Sonntag, 6. Mai 2018 18:35 Uhr

TV-Kritik Tatort „Familien“: Junggesellenabschied trifft auf Entführung

Ein Junggesellenabschied mit tragischem Ende, eine Entführung mit ungewissem Ausgang und ein Familienschicksal, das nachwirkt: Ihr neuer Fall lässt die Kölner Kommissare Ballauf und Schenk im heutigen „Tatort“ nachdenklich zurück. Das gilt auch für die Zuschauer.

TV-Kritik Tatort "Familien": Junggesellenabschied trifft auf Entführung

Ein Toter und eine Tasche voller Geld. Foto: WDR/Thomas Kost

Dieser „Tatort“ beginnt mit einem typischen Kölner Phänomen: einem Junggesellenabschied im Schatten des Doms. Vor allem samstags ziehen regelmäßig Dutzende Gruppen junger Männer und Frauen – meist lautstark und mehr oder weniger lustig verkleidet – durch die Altstadt, um es noch einmal richtig krachen zu lassen, ehe die Braut oder der Bräutigam sich ins Eheleben verabschiedet.

Doch wie nicht anders zu erwarten, nimmt der Junggesellenabschied in der „Tatort“-Folge „Familien“, die das Erste heute um 20.15 Uhr zeigt, kein gutes Ende: Bräutigam Ivo Klein wird auf dem Heimweg von einem Auto überfahren – und das war kein Unfall. Neben der Leiche des jungen Familienvaters liegt eine Reisetasche mit 500.000 Euro. Die hat er unmittelbar vor seinem Tod aus einem Abfalleimer gefischt. Die Fingerabdrücke auf der Tasche führen die Kommissare Max Ballauf (Klaus J. Behrendt) und Freddy Schenk (Dietmar Bär) zu dem renommierten Wirtschaftsanwalt Rainer Bertram (Hansjürgen Hürrig). Als die Ermittler ihn mit Kleins Tod konfrontieren, stellt sich heraus, dass es sich um Lösegeld handelt: Bertrams Enkelin Charlotte Ritter wurde entführt. Die Kidnapper drohen sie umzubringen, falls die Polizei eingeschaltet wird.

Zur falschen Zeit am falschen Ort

Sehr schnell ist klar, dass Ivo Klein nichts mit der Entführung zu tun hatte, sondern einfach zur falschen Zeit am falschen Ort war. Am Steuer des Unfallwagens hat wohl der Entführer gesessen und gesehen, wie Ivo die Geldtasche aus dem Mülleimer nahm. Geschickt verweben Regisseurin Christine Hartmann und Drehbuchautor Christoph Wortberg – bekannt durch seine Rolle als „Frank Dressler“ in der ARD-Serie „Lindenstraße“ – die Tragödie um den Junggesellenabschied mit einem Kriminalfall.

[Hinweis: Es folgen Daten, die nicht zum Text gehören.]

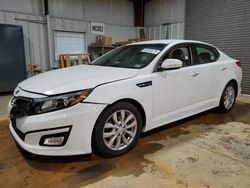 Salvage cars for sale at Chatham, VA auction: 2015 KIA Optima EX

Für Ballauf und Schenk beginnt ein Wettlauf mit der Zeit, um die entführte Charlotte lebend zu finden. Bei ihren Ermittlungen im Umfeld der jungen Frau stoßen sie bald auf Merkwürdigkeiten. Zwischen Bertram und seinem Schwiegersohn Ludwig Ritter (Harald Schrott) knirscht es gewaltig, doch ohne Hilfe des vermögenden Anwalts hätte die Familie das Lösegeld nicht aufbringen können.

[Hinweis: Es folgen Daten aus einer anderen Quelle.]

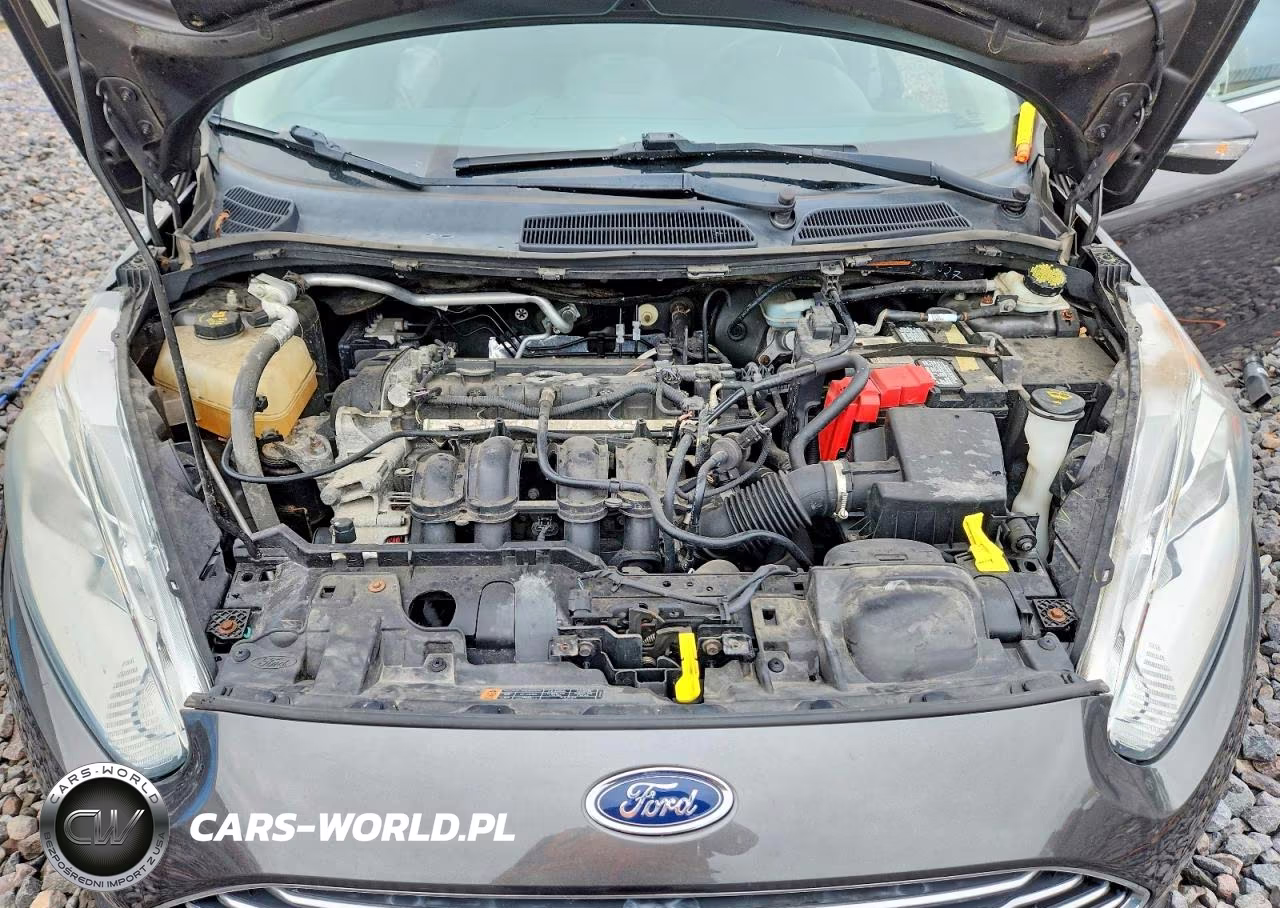 2015 Ford Fiesta Titanium VIN:3FADP4CJXFM105777 - 11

TV-Kritik Tatort "Familien": Junggesellenabschied trifft auf Entführung

Charlotte Ritter (Anke Sabrina Beermann) ist unauffindbar. Ihre Eltern sollen ein hohes Lösegeld zahlen. Foto: WDR/Thomas Kost

Auch in der Beziehung von Charlotte zu ihrem Freund Kasper (Anton von Lucke) gibt es Probleme. Zudem hat Kasper Sorgen zuhause: Vor einigen Jahren ist sein Vater bei einem Arbeitsunfall ums Leben gekommen. Seine Mutter Sandra (Claudia Geisler-Bading) ist bis heute nicht über den Tod ihres Mannes hinweggekommen.

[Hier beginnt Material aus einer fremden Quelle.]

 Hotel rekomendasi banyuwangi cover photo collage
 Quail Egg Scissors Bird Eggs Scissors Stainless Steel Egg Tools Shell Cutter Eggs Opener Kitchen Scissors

Ungewöhnliche Kameraführung

Am Abend ihres Verschwindens war Charlotte mit ihrem Bruder Paul (Johannes Franke) und Kasper in einer Bar. Dort wurde Charlotte von einem wesentlich älteren Mann angesprochen.

TV-Kritik Tatort "Familien": Junggesellenabschied trifft auf Entführung

Norbert Jütte (Roland Riebeling, l) informiert die Kommissare Freddy Schenk (Dietmar Bär, M) und Max Ballauf (Klaus J. Behrendt, r) darüber, was er bisher herausgefunden hat. Foto: WDR/Thomas Kost

Die „Tatort“-Folge verknüpft auf intelligente Weise einen klassischen Krimi mit einem bedrückenden Familiendrama und bleibt spannend bis zum Schluss. Für zusätzliche Dramatik sorgt die ungewöhnliche Kameraführung, bei der Peter Nix zeitweise Szenen gewissermaßen einfriert, als würde der Film zwischenzeitlich angehalten. Als der Täter am Ende überführt ist, lässt die Auflösung des Falls die Kommissare nicht unberührt – genauso wenig wie die Zuschauer. (Petra Albers, dpa)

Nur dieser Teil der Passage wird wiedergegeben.